Cedar Bayou, which runs from the Gulf to Mesquite Bay is again open along the Texas middle coast. Up until 1979 Cedar Bayou allowed fish, crabs and shrimp to pass from Mesquite Bay into the Gulf of Mexico. The Bayou was legendary as a hotspot to catch trout, redfish and flounder. After the mega oil spill in the Bay of Campeche in 1979 the U.S. Army Corp of Engineers sealed the Gulf side to protect Mesquite and other bays in the area Then a tropical storm hit the area and naturally opened the Bayou. Later the Bayou sealed itself again. “This is the third time it has been dredged by the Corp,” said Christopher Mace, TPWD system leader for Aransas Bay.
Fish are already using the pass. “In sampling conducted by the Coastal Conservation Association migratory fish larvae have been detected coming through the pass and into Mesquite Bay.”
Mace’s sampling team also picked up small red drum juveniles this week that are quite likely coming through the pass into Mesquite Bay.
“Anywhere you have moving water you are going to have moving bait, moving plankton, and that tends to attract predatory fish. Water pouring in and draining out attracts predatory fish. Cedar Bayou historically, when open, was well known for that. You are going to see more fish concentrated in that area.

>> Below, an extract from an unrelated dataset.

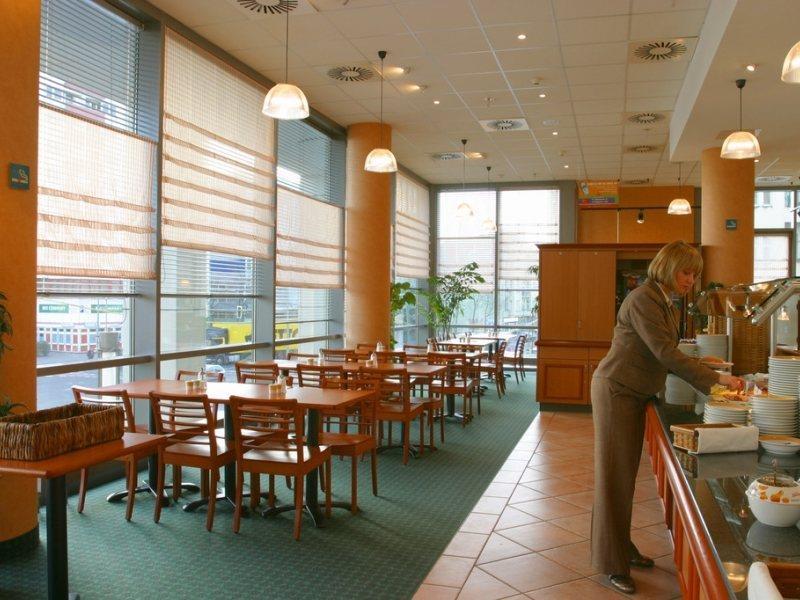ibis Hotel Berlin Spandau Buitenkant foto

Mesquite Bay is going to benefit big time. “We expect to see an increase in all of the migratory critters, the estuarine species that need access to the Gulf, like blue crab, native shrimp, red drum larvae,…all of those critters that spawn in the Gulf and then come back into the bays. We expect to see increases. We are not going to get the large swings in salinity, the very high salinities we have had in the bay, which may help the oyster reefs, the salt marsh, maybe sea grass in the area, all good news for the ecosystem.”